* [EXERCISE DETAILS] Your job is to return each record exactly, minus any pictures.

[Dataset entries]
%%

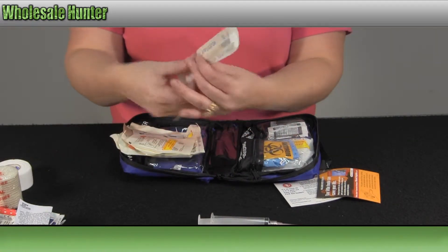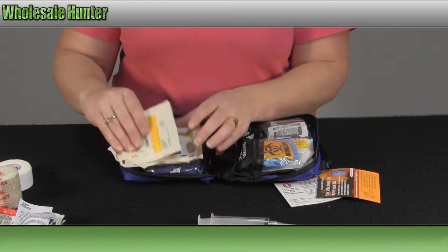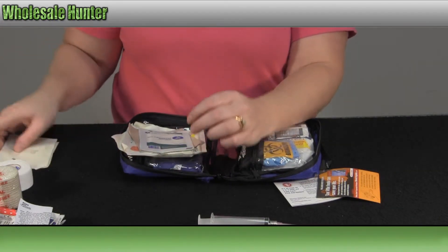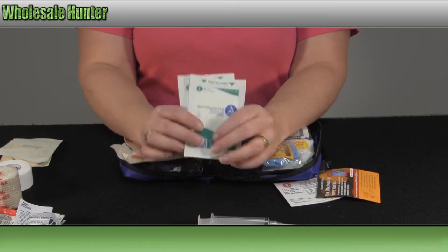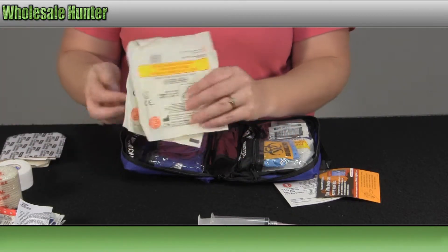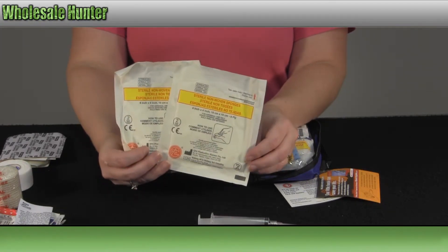You have two of your cotton tipped applicators, two of your 2x2 sterile nonwoven sponges, two of your non-adherent pads, a sheet of moleskin, and two of your 4x4 sterile nonwoven sponges.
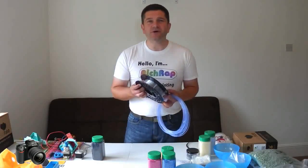Hello everyone, it's Richard here. Today I want to talk to you about using plastic pellets for 3D printing, instead of using the normal filament that we buy on reels.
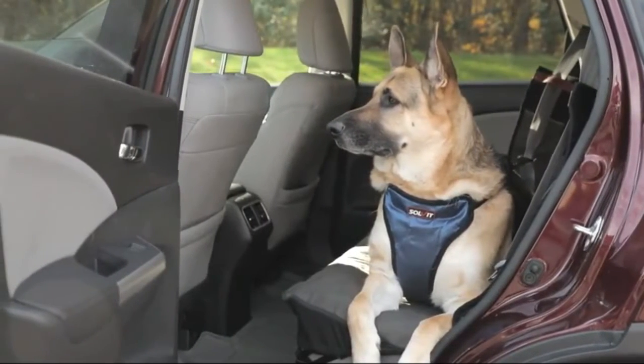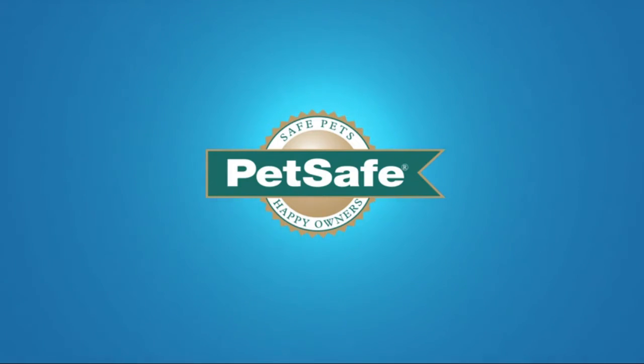Machine washable. Toss your rear seat cover into your washing machine when it is ready to be cleaned. Seat belt access — no need to remove the cover.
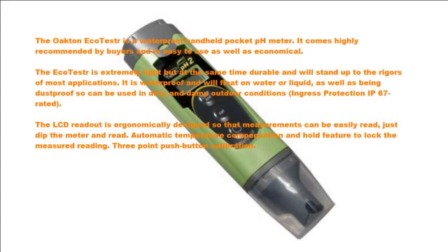The LCD readout is ergonomically designed so that measurements can be easily read. Just dip the meter and read. Automatic temperature compensation and a hold feature to lock the measured reading. Three-point push button calibration.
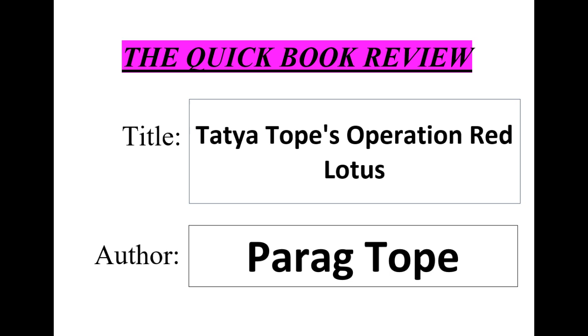In conclusion, Tatya Tope's Operation Red Lotus is an important contribution to the historical understanding of the Indian Rebellion of 1857. It provides a nuanced and detailed account of the life and actions of Tatya Tope and offers a new perspective on one of the most significant events in India's history. The book is a must-read for anyone interested in Indian history and the struggle for independence.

%%

* [SOLUTION]
You have two of your cotton tipped applicators, two of your 2x2 sterile nonwoven sponges, two of your non-adherent pads, a sheet of moleskin, and two of your 4x4 sterile nonwoven sponges.
Hello everyone, it's Richard here. Today I want to talk to you about using plastic pellets for 3D printing, instead of using the normal filament that we buy on reels.
Machine washable. Toss your rear seat cover into your washing machine when it is ready to be cleaned. Seat belt access — no need to remove the cover.
The LCD readout is ergonomically designed so that measurements can be easily read. Just dip the meter and read. Automatic temperature compensation and a hold feature to lock the measured reading. Three-point push button calibration.
In conclusion, Tatya Tope's Operation Red Lotus is an important contribution to the historical understanding of the Indian Rebellion of 1857. It provides a nuanced and detailed account of the life and actions of Tatya Tope and offers a new perspective on one of the most significant events in India's history. The book is a must-read for anyone interested in Indian history and the struggle for independence.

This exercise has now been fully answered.